- **Task details**:
Please copy out every line in the entries that includes the word "Brand".

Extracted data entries
·····

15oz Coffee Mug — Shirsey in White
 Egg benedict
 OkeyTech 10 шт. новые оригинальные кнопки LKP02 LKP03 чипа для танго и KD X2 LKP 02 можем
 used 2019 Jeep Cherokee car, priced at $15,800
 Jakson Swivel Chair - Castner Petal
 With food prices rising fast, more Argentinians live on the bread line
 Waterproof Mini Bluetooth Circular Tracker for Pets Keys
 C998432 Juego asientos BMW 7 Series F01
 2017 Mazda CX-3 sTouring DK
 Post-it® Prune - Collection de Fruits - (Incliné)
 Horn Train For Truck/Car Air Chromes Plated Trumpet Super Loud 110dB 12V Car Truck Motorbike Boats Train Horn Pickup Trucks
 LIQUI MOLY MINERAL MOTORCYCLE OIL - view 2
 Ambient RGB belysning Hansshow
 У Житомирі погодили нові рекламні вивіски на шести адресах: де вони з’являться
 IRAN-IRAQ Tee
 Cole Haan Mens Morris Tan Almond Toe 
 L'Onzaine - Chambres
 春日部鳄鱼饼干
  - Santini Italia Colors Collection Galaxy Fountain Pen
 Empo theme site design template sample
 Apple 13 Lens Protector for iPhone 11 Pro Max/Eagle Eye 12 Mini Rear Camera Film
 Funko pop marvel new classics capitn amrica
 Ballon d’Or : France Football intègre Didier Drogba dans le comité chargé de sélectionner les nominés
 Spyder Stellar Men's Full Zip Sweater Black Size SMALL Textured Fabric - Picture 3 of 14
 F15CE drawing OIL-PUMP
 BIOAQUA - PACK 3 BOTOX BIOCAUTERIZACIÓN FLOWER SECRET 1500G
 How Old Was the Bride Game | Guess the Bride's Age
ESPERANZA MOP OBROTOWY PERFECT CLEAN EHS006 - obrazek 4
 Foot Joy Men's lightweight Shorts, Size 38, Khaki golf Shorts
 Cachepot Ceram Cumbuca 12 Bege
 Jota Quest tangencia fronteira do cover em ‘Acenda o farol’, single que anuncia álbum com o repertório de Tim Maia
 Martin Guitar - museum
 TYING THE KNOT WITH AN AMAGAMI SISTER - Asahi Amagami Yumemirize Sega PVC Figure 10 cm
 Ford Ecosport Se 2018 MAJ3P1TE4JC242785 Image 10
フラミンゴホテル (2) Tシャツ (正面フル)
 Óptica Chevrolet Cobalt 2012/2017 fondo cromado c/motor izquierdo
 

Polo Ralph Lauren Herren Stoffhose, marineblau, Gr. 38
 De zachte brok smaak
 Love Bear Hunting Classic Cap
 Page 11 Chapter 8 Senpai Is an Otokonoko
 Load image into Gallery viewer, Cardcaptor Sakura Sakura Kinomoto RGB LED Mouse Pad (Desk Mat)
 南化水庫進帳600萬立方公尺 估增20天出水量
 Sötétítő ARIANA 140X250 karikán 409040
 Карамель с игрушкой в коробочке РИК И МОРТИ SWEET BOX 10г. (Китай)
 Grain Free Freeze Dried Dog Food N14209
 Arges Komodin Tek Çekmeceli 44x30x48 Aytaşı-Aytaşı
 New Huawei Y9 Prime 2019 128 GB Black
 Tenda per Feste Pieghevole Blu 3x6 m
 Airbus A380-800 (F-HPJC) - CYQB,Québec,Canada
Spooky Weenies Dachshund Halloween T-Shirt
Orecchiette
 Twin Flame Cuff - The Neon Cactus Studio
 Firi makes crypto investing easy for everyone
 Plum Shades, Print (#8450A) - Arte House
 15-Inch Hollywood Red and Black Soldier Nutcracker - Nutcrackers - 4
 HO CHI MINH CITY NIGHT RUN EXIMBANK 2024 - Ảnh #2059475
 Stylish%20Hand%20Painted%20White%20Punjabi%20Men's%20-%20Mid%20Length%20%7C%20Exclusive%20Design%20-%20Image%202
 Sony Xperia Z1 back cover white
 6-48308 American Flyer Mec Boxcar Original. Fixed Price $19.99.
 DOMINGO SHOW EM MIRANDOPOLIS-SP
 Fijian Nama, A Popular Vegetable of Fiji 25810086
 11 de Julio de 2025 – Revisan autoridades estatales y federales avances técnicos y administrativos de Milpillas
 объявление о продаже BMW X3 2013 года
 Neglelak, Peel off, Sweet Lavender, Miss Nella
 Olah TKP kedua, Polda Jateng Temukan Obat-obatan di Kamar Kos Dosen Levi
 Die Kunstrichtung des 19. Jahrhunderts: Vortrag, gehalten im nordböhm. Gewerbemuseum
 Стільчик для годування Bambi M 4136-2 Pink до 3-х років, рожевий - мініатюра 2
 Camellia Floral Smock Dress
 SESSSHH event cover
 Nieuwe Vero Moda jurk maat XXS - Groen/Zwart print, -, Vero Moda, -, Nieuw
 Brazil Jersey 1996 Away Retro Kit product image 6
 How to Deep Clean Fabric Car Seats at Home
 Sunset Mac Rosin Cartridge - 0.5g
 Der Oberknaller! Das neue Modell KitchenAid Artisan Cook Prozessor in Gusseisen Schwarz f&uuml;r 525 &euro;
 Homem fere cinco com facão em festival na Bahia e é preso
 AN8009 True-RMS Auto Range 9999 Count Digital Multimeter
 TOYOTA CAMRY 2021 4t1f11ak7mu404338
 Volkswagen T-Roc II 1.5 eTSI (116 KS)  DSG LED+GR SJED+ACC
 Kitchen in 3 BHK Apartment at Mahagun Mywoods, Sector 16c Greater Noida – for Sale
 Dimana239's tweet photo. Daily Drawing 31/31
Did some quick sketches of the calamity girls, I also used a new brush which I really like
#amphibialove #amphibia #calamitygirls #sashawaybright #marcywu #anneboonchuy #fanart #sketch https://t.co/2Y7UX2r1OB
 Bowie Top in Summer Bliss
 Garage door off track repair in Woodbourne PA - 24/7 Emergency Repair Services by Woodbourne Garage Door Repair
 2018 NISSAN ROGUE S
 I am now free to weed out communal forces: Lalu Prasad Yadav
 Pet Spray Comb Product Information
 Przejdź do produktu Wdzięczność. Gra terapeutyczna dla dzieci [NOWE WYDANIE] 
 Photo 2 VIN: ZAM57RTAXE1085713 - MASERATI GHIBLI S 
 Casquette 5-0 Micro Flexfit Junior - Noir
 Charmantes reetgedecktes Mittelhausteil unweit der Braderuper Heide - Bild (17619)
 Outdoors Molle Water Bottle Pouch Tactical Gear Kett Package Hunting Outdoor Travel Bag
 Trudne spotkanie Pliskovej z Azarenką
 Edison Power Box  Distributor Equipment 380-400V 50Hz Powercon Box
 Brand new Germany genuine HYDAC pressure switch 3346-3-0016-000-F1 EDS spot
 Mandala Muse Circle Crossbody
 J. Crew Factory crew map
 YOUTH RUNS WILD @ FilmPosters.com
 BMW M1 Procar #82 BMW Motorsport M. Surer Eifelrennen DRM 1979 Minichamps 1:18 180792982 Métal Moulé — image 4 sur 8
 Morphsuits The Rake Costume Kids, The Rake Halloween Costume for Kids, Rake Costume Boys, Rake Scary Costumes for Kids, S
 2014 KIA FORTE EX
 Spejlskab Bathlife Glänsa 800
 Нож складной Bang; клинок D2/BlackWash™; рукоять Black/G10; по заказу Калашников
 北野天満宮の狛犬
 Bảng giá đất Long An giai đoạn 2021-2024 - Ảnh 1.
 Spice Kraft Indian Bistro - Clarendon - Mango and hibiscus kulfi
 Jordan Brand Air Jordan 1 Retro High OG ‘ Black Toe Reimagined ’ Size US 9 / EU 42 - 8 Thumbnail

·····

- **Result**:
 Brand new Germany genuine HYDAC pressure switch 3346-3-0016-000-F1 EDS spot
 Jordan Brand Air Jordan 1 Retro High OG ‘ Black Toe Reimagined ’ Size US 9 / EU 42 - 8 Thumbnail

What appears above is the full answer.